**Requirement**
Would you return every entry below exactly as written, without its images?

◇ ◇ ◇ ◇ ◇

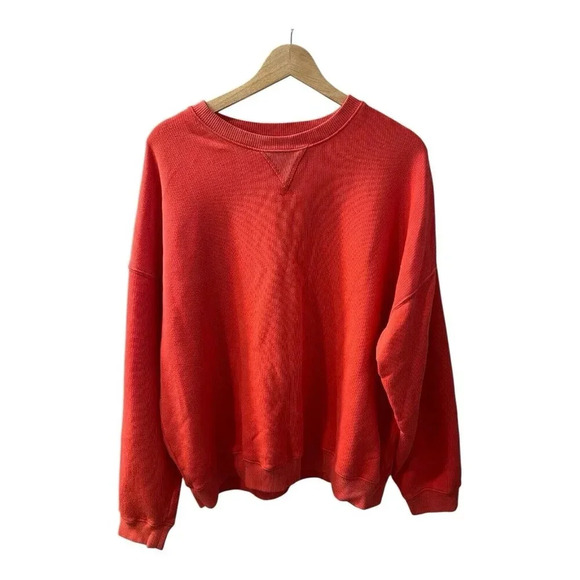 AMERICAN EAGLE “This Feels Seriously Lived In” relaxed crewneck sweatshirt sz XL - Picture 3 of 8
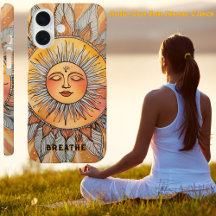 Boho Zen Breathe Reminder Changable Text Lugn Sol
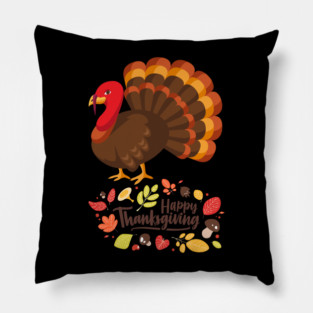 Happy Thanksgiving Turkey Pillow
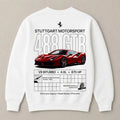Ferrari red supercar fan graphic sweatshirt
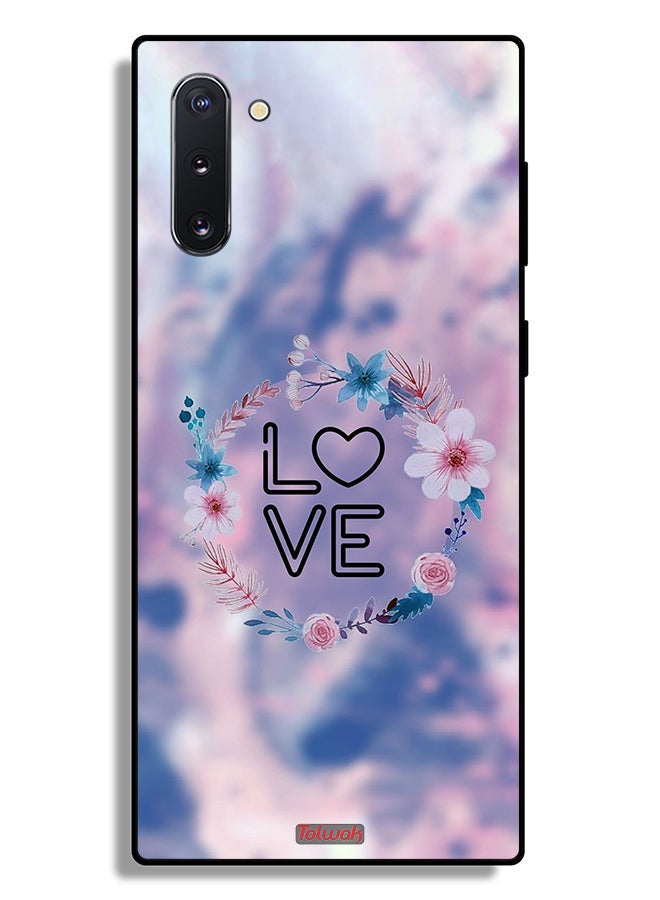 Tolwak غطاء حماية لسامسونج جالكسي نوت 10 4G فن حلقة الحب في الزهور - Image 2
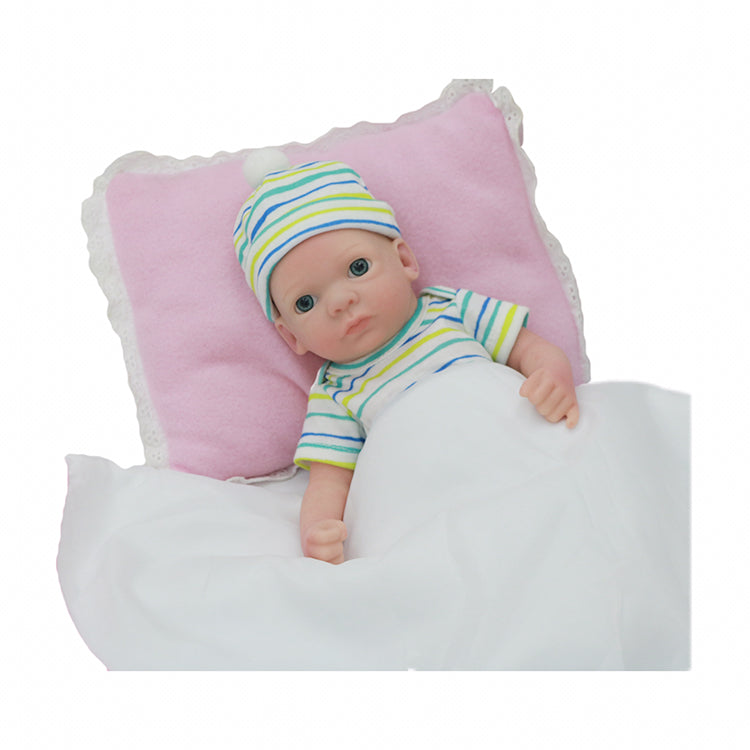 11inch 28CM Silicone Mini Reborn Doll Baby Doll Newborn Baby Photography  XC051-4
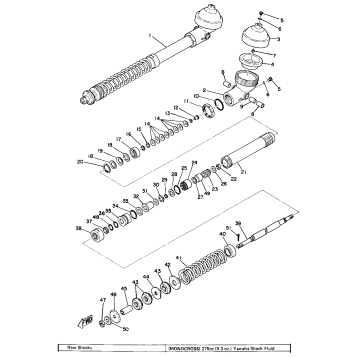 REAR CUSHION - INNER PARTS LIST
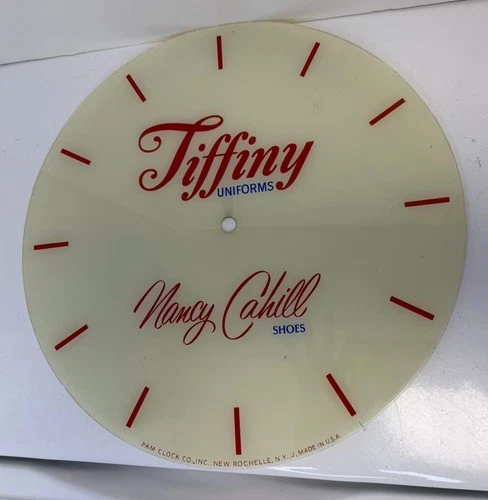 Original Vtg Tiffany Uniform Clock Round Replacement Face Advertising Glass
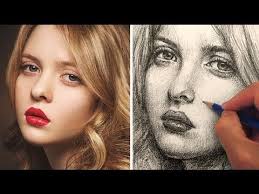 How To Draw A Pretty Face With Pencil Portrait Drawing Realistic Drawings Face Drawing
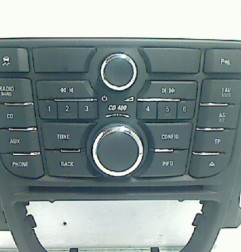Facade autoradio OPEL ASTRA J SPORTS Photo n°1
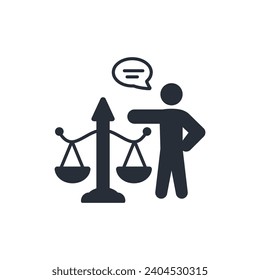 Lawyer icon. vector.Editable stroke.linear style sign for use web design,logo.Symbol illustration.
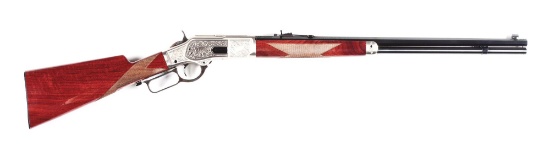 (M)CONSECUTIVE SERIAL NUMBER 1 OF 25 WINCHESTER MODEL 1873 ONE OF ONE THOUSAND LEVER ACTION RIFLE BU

◇ ◇ ◇ ◇ ◇

**Problem solution**
 AMERICAN EAGLE “This Feels Seriously Lived In” relaxed crewneck sweatshirt sz XL - Picture 3 of 8
 Boho Zen Breathe Reminder Changable Text Lugn Sol
 Happy Thanksgiving Turkey Pillow
Ferrari red supercar fan graphic sweatshirt
 Tolwak غطاء حماية لسامسونج جالكسي نوت 10 4G فن حلقة الحب في الزهور - Image 2
 11inch 28CM Silicone Mini Reborn Doll Baby Doll Newborn Baby Photography  XC051-4
 REAR CUSHION - INNER PARTS LIST
 Original Vtg Tiffany Uniform Clock Round Replacement Face Advertising Glass
 How To Draw A Pretty Face With Pencil Portrait Drawing Realistic Drawings Face Drawing
Facade autoradio OPEL ASTRA J SPORTS Photo n°1
 Lawyer icon. vector.Editable stroke.linear style sign for use web design,logo.Symbol illustration.
 (M)CONSECUTIVE SERIAL NUMBER 1 OF 25 WINCHESTER MODEL 1873 ONE OF ONE THOUSAND LEVER ACTION RIFLE BU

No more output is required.